EXERCISE MATERIALS:
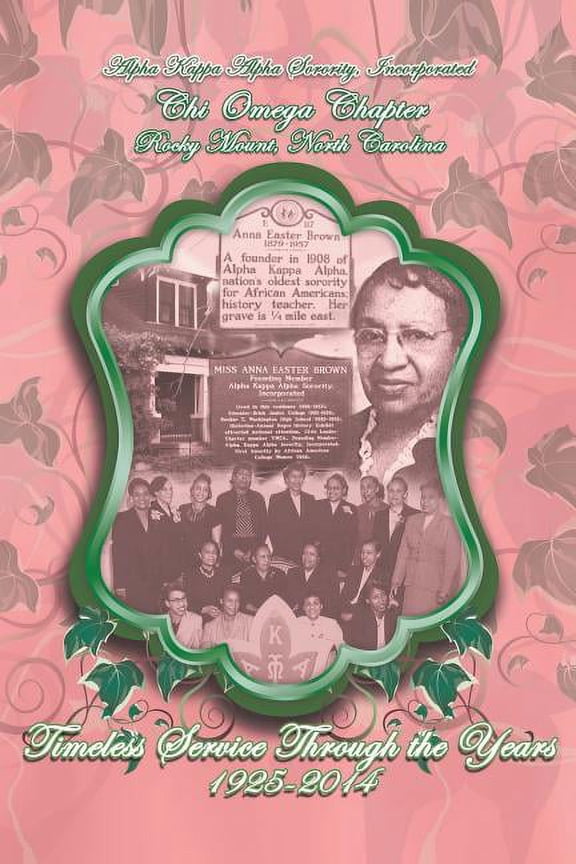 Alpha Kappa Alpha Sorority, Incorporated Chi Omega Chapter Timeless Service Through the Years 1925-2014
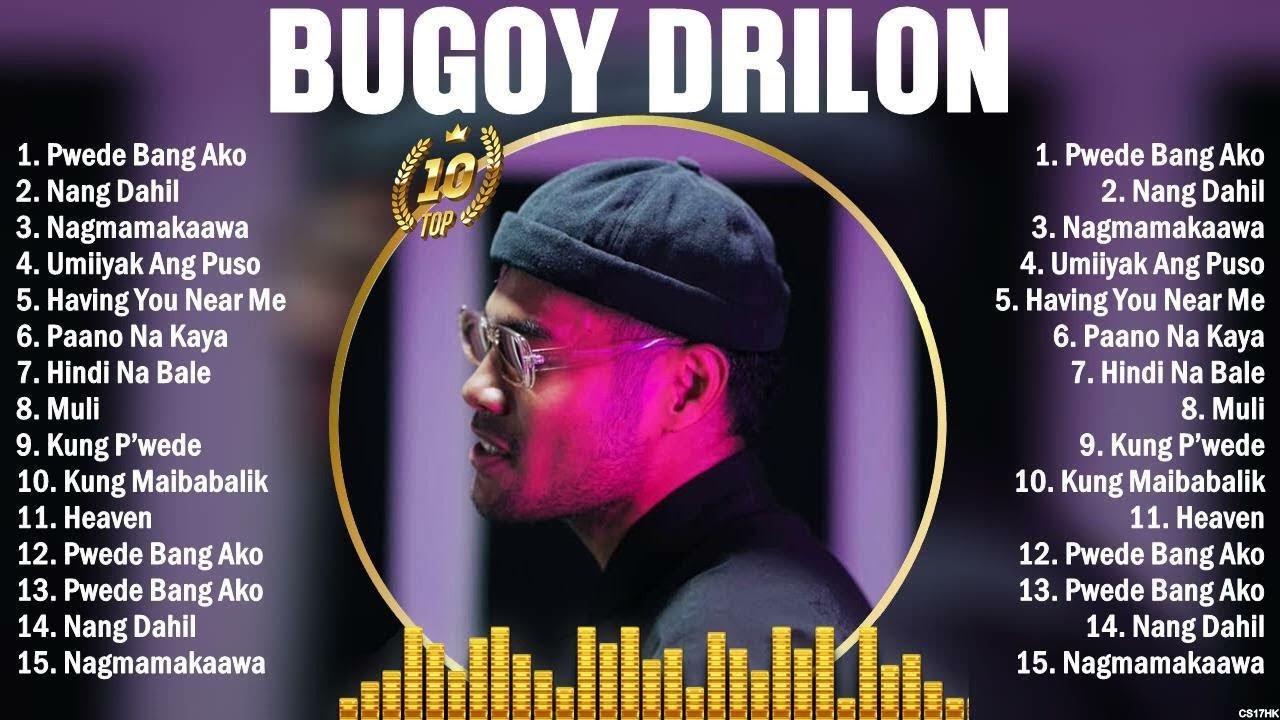 Bugoy Drilon Greatest Hits OPM Songs Collection ~ Top Hits Music ...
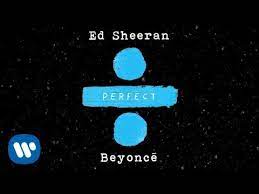 Ed sheeran, beyoncé, imagine dragons, coldplay e mais. Ed Sheeran Perfect Duet With Beyonce Official Audio Youtube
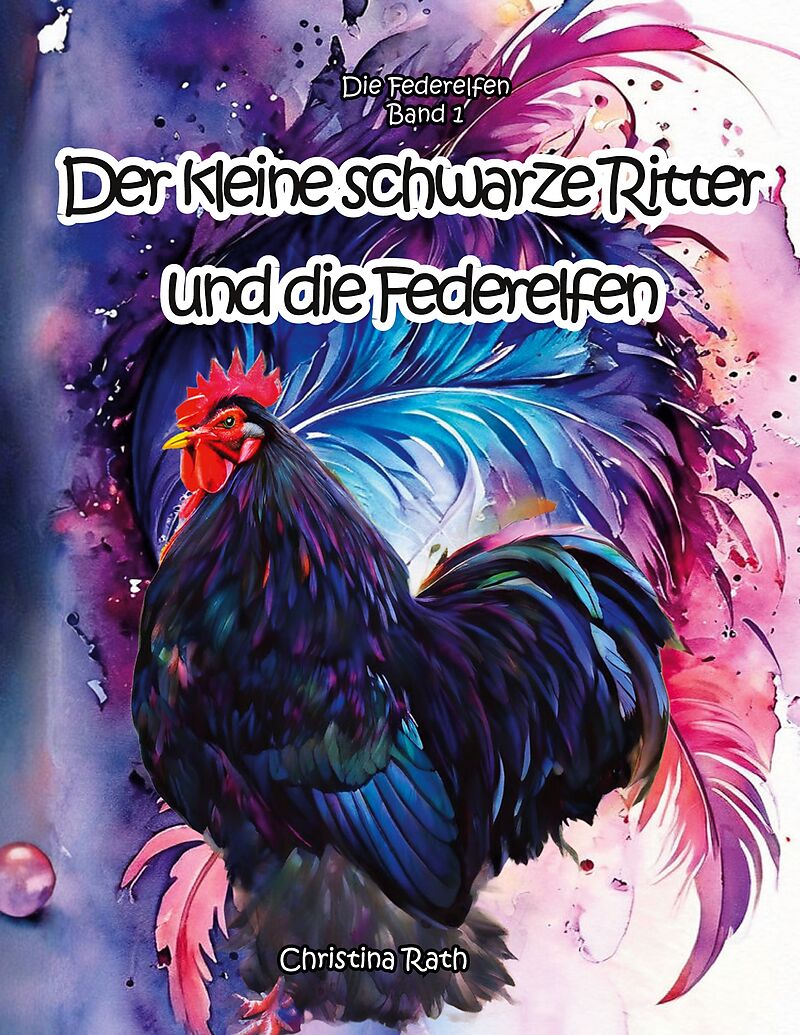 Der kleine schwarze Ritter und die Federelfen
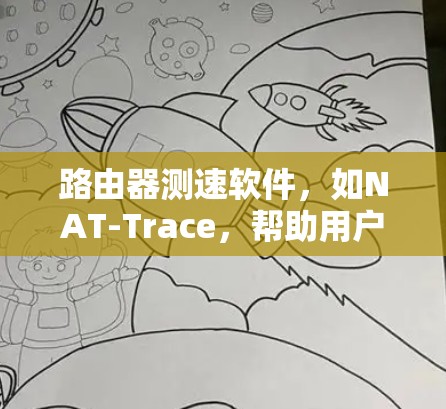 路由器测速软件，如NAT-Trace，帮助用户了解网络速度。以下是详细的步骤和解释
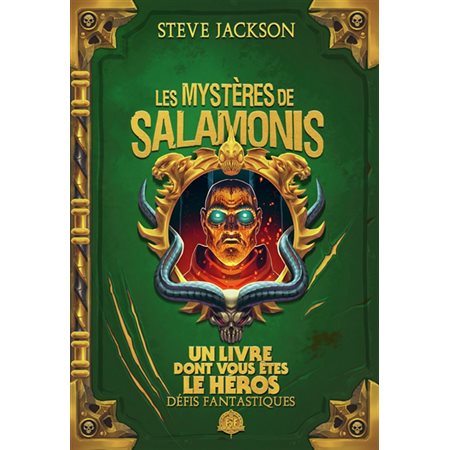 Un livre dont vous êtes le héros : Défis fantastiques : Les mystères de Salamonis 9-11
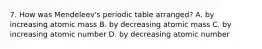 7. How was Mendeleev's periodic table arranged? A. by increasing atomic mass B. by decreasing atomic mass C. by increasing atomic number D. by decreasing atomic number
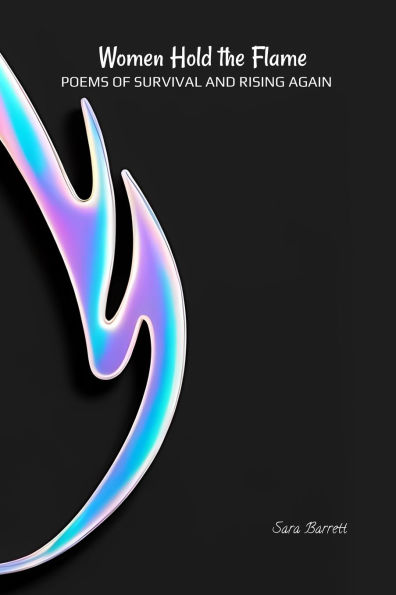 Women Hold the Flame: Poems of Survival and Rising Again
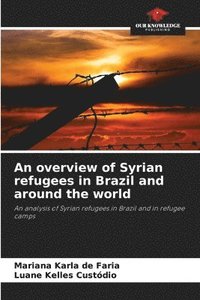 bokomslag An overview of Syrian refugees in Brazil and around the world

WHAT YOU WILL DO:
In the listing above, find the line containing "Bugoy Drilon Greatest" and the line containing "Un livre dont". Print those two lines and every line between them exactly, with no pictures.

TASK ANSWER:
 Bugoy Drilon Greatest Hits OPM Songs Collection ~ Top Hits Music ...
 Ed sheeran, beyoncé, imagine dragons, coldplay e mais. Ed Sheeran Perfect Duet With Beyonce Official Audio Youtube
 Der kleine schwarze Ritter und die Federelfen
 路由器测速软件，如NAT-Trace，帮助用户了解网络速度。以下是详细的步骤和解释
 Un livre dont vous êtes le héros : Défis fantastiques : Les mystères de Salamonis 9-11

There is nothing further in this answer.